Leandro relembra que todo morador de rua e/ou dependente químico tem uma história. “Todos tiveram família, mas foi um vacilo e hoje a sociedade cai em cima. Muitos chegam em uma casa ou padaria pedindo pão e as pessoas mandam sair, dizendo que não tem”, lamenta. “O Valdir é um testemunho vivo de que todo viciado é capaz de vencer. Sempre há esperança”, afirma. 

Sobre o Centro de Reabilitação

O espaço de reabilitação do projeto O Bom Samaritano conta com 12 vagas para dependentes químicos. Atualmente, nove homens residem no local. O tratamento tem duração média de nove meses, podendo variar de acordo com cada caso. No local, os moradores seguem uma rotina regrada de segunda a sábado, composta por alimentação, higiene, oração e atividades laborais – como cuidados com a horta e com os animais, preparação das refeições e limpeza. “Estamos com projeto de montar uma padaria, tem um rapaz padeiro profissional, que tem um primo interno e ele se colocou à disposição para ensinar a fazer biscoito e pão para vender e levantar fundos.
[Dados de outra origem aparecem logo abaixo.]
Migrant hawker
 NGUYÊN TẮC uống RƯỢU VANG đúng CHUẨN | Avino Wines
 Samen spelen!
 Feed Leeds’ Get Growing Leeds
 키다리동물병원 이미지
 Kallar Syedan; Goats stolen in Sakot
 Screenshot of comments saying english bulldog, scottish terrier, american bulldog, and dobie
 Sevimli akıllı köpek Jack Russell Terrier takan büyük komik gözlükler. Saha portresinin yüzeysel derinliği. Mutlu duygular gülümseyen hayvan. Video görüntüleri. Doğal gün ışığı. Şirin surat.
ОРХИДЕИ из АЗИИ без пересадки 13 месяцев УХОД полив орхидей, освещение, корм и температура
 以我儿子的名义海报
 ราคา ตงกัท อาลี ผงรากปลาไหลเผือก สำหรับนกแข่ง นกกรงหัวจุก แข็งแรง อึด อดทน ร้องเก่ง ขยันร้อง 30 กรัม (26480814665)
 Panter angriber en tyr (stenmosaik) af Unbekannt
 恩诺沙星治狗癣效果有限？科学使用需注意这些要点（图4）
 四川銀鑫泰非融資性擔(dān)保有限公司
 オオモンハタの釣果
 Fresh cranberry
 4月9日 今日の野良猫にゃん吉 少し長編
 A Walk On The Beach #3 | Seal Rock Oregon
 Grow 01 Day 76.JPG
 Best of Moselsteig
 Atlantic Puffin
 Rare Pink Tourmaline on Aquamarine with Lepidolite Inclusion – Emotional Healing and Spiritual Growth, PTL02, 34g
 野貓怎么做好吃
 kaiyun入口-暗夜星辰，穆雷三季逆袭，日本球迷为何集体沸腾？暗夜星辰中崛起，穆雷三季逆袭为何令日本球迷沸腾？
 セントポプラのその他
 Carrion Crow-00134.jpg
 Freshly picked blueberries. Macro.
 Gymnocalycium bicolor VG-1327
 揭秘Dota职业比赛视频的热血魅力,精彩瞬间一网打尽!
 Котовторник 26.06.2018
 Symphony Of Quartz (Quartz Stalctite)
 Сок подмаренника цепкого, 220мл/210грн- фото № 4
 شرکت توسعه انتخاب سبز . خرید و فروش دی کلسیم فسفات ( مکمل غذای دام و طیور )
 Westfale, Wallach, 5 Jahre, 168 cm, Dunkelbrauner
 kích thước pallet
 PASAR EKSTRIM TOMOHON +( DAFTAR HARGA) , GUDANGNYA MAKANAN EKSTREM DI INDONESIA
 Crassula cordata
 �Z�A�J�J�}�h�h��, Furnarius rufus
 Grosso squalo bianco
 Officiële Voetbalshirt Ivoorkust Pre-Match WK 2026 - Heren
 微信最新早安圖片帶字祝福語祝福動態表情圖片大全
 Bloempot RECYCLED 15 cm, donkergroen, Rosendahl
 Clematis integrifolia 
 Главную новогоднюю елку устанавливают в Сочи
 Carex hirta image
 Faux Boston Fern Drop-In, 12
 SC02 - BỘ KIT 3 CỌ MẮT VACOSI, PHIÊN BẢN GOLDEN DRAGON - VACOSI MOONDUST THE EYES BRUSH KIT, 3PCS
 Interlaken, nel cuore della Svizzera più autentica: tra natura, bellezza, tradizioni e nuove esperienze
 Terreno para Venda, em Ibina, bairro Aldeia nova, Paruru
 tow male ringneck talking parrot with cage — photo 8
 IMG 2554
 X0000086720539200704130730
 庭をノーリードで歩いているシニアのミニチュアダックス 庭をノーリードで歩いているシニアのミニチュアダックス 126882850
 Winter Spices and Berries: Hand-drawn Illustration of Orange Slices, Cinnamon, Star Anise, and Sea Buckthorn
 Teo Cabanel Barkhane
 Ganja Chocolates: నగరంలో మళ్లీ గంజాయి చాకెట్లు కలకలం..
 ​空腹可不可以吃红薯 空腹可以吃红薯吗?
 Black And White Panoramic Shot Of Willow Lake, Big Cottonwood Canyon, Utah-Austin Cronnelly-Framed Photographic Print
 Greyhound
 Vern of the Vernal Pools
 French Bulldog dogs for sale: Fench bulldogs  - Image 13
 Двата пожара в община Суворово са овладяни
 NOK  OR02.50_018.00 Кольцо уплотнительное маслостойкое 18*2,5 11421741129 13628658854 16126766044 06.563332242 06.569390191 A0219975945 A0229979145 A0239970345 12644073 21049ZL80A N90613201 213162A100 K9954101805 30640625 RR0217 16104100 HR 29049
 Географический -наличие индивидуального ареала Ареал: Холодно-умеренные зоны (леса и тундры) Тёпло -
Nos próximos dias já devemos iniciar”, adianta Leandro. Os residentes ainda contam com auxílio de uma psicóloga e enfermeira voluntárias e da equipe do Alcoólicos Anônimos (AA), que se desloca ao espaço a cada 15 dias para promover palestras. 


 

O projeto é sustentado por doações da comunidade, sejam materiais ou financeiras. “Contamos com voluntários, pessoas que doam alimentos, que nos ajudam a arrecadar produtos em supermercados, a divulgar nas redes sociais… toda ajuda é bem-vinda. Hoje a gente paga R$ 1.200 do aluguel, mais despesas como luz, água e remédios, por exemplo”, revela. 

“Para nós é um orgulho. São frutos de trabalho, que semeamos e esperamos lá na frente colher. Hoje eu tenho o Valdir como família. Ele é o que nos dá ânimo e força nos momentos difíceis, nos mostra que vale a pena”, finaliza Leandro.